A cruel month, this, February. So cruel that it should be banned.

It is not Mumbai’s fault that it does not have a February in the same way that it is not her fault she is not Kolkata, for no city is Kolkata.

Kolkata is not a nice city. She has her highs, but it is a city generally full of lows. There was a time we Kolkatans used to boast of our culture. We still do. The problem is, our pride is based more on a glorious history than on the present; worse, it is not based on the future at all.

If you doubt me, switch to any Bangla channel in the evenings. Check the serials they air. Check their TRPs. That is Kolkata 2016.

If you doubt me, go to a book-stall, roadside or otherwise, and check the number of books written by Bengali authors being sold. Text books do not count. That is Kolkata 2016.

If you doubt me, drop in for a play. Check the number of connoisseurs for the stage. That is Kolkata 2016.

If you doubt me, check the billboards and television channel tickers and Facebook memes in Bangla. Check the spellings. That is Kolkata 2016.

But Kolkata is home. Even the 2016 edition.

And it is memories that make a place home.

And Kolkata has memories, plenty of them, for me. I cannot vouch for others, but the airfare spike in autumn is a decent indicator.

Kolkata whispers back to me. Even when I am in exile, she whispers back to me in the long nights if I keep the windows open, if I listen to the last train pass by, to a rare gust of wind in the only time of the day when Mumbai air is devoid of pollution.

Somewhere in the distance, you feel her almost inaudible sigh. You could almost sense her bosom heaving, her eyes stare at her own feet, her eyes trying their level best to ward the inevitability of tears.

Does she shed a tear for everyone who has deserted her? Probably. Or maybe she has simply let us go, for she knows that missing us is an exercise in futility.

But she does shed a tear for me. Especially in February, when she is at her exotic best, for I have seen her blush when our eyes had met in February.
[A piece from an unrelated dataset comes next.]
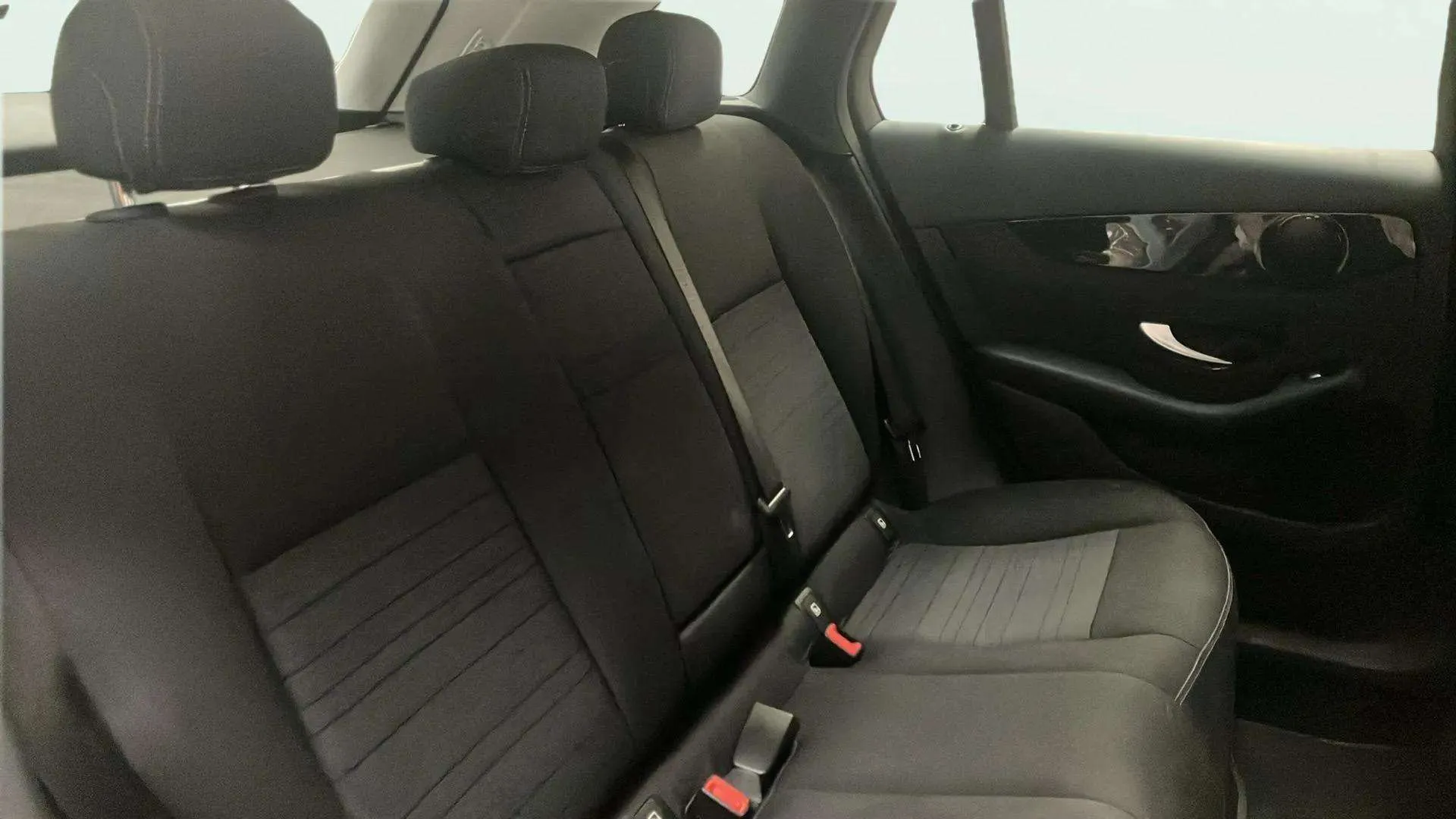 Mercedes-Benz GLC 300 de 4MATIC - foto 16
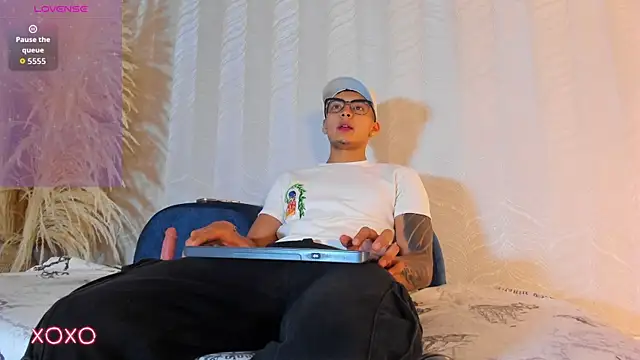 Alan Salazar online show from June 12, 2026, 5:32 pm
There is a dash of February in Mumbai as well. There is a dash of February in the teenage girl who tries out hats from a hawker as she waits for her boyfriend. Once he arrives, they walk away, arms linked, her head bare. The hat-seller knew she was not going to buy, but he did not mind. He was not even annoyed, for he knew she was impatient, and how could she not have been? It is spring…

This was in front of Regal, Colaba, which could easily have been Metro, Esplanade. I was reminded of Metro the first time I had stood in front of Regal. Located in a corner in one of the most ‘happening’ parts of the city; next to a lane; and at the end of a long chain of hawkers, selling everything from magnetic compasses to sand-clocks to lyrics of Kishore Kumar songs: how could it have not been Metro?

Where was I? Yes, February in Mumbai. Yes, Mumbai has a month that coincides with February, but is not February, for it does not whisper to me. It does not whisper back to me. Februaries are supposed to whisper, the way they do in Kolkata.

I miss February.

I miss walking in sad February afternoons, minuscule, almost invisible beads of sweat all over me.

This is not the sweat that causes discomfort or makes you cringe.

This is the sweat that makes you fall in love and lust all over again, the kind that brings back memories of a clock ticking in the afternoon and a calendar flapping on the wall, desperate to escape the shackles of time.

This is the sweat that makes her glisten.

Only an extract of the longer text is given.